If we're really being technical about this, you could make a pretty good argument that Tyreke Evans should be first or second on this list.
When it comes to upside alone, there's really no telling how good this guy could be. He's an elite slasher with a quick first step and explosive leaping ability, but the real highlight here is that he does just about everything else you'd ask of an all-around star.
We learned as much after Evans' rookie season in which he added 5.8 assists and 5.3 rebounds to his 20.1 points per game.
His numbers have declined in the two seasons since, largely due to foot problems and an ever-changing role with the Sacramento Kings. When he returns to form and develops some range, watch out—Evans could become a household name in short order.
Eric Gordon is already in his fourth season, and he may not get that much better from here on out. But even if he has already reached his ceiling, it's still looking pretty high.
Gordon only played nine games in 2011-12 on account of injury, but he scored over 22 points per game the season before that, shooting over 36 percent from behind the arc in the process.
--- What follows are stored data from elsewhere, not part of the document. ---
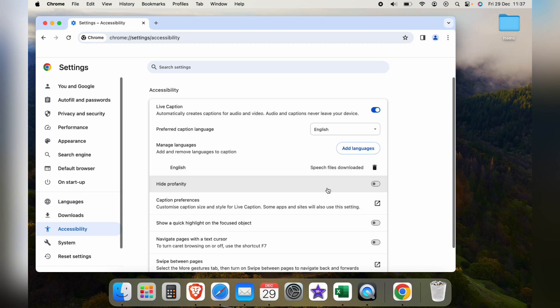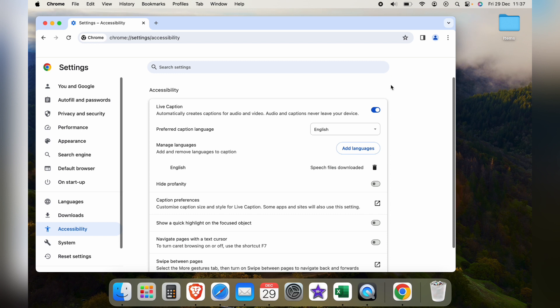Underneath there's many other options to choose from regarding live captions so you can go through them and set the live captions up how you wish. And now whenever you go onto a website with live audio it'll turn on live captions automatically.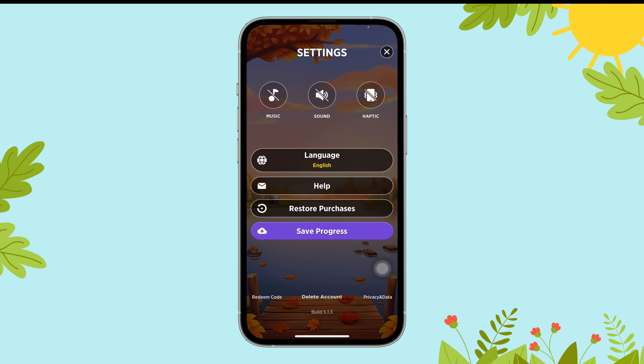So, to turn off the music, just tap on the green music icon, and that's it.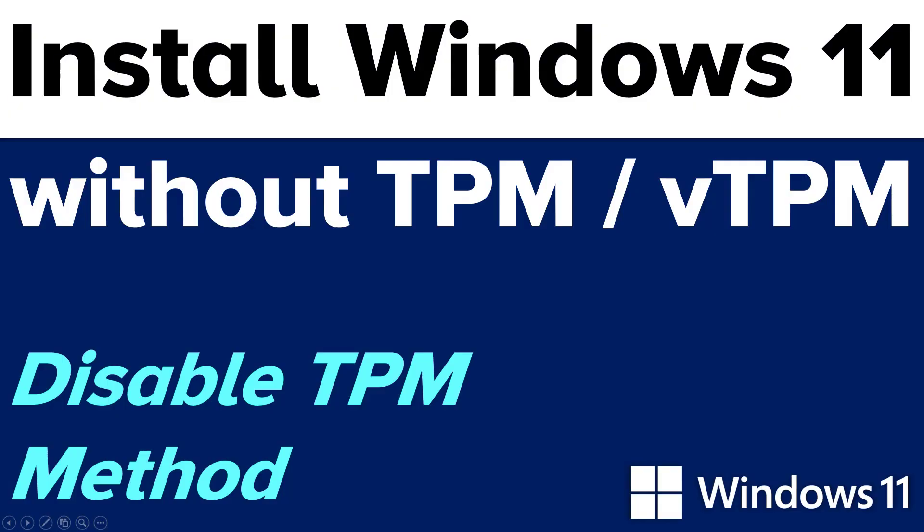Hey guys, in this video, I'm going to show you how to install Windows 11 on a computer that does not have TPM or even a virtual TPM.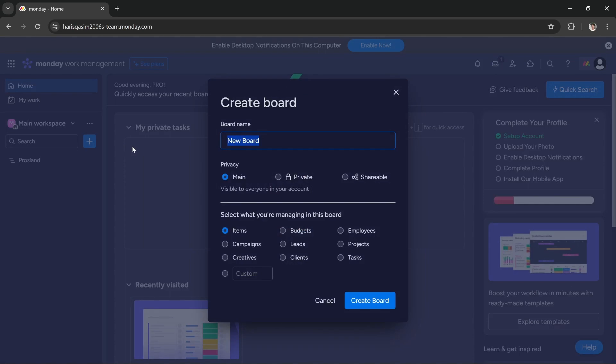It will give us options to create a new board. We can select board name, privacy, and what we are managing in this board. I want to name my board 'new board'—that's a perfect name, but you can select any name according to your choice.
The good news about Gordon is that he's not just a shooter, though—he also has the strength and quickness to reach the basket and finish when he gets there.
It's easy to forget about Gordon after he was sidelined for so long, but he almost certainly remains the best young shooting guard in the league.
We always knew DeMarcus Cousins had the size and explosiveness to excel at the NBA level, but he has proven he can shoot too.
In fact, it's hard to remember too many 22-year-old big men who could knock down that mid-range shot from the high post with such regularity. Cousins could still extend his range even further, and that's what's so scary about his potential.
In just his second season, the 6'11" prodigy averaged 18.1 points, 11 rebounds and 1.2 blocks per game—numbers that would impress regardless of age.
If this guy's averaging a double-double already, it's scary to think about what he'll do as he enters his prime.
The Chris Paul comparisons proved to be pretty accurate after all.
Kyrie Irving's Rookie of the Year campaign was exceptional by any measure. His 18.5 points and 5.4 assists per game were impressive to be sure, but the efficiency with which he got there is even more remarkable. The 20-year-old made 40 percent of his three-point attempts, and he did all of his damage in just over 30 minutes a game.
As Irving grows more comfortable running the Cleveland Cavaliers' offense, we'll see his assist-to-turnover ratio improve, and he'll begin to look even more like Paul when it comes to distributing and controlling the flow of games.
If we were ranking how good these young stars are currently, about half the list would come ahead of John Wall.
But it's easy to forget he averaged eight assists per game last year, and it should say something that he has averaged over 16 points in each of his first two seasons without having anything on the order of a consistent three-point shot. He has gotten by thus far on account of his speed and athleticism alone.
Wall still has all the makings of an elite guard—good size at the point, great passing and a knack for slashing to the hoop.
Kyrie Irving got off to a quick start and is the better player for now, but Wall's upside is nearly limitless.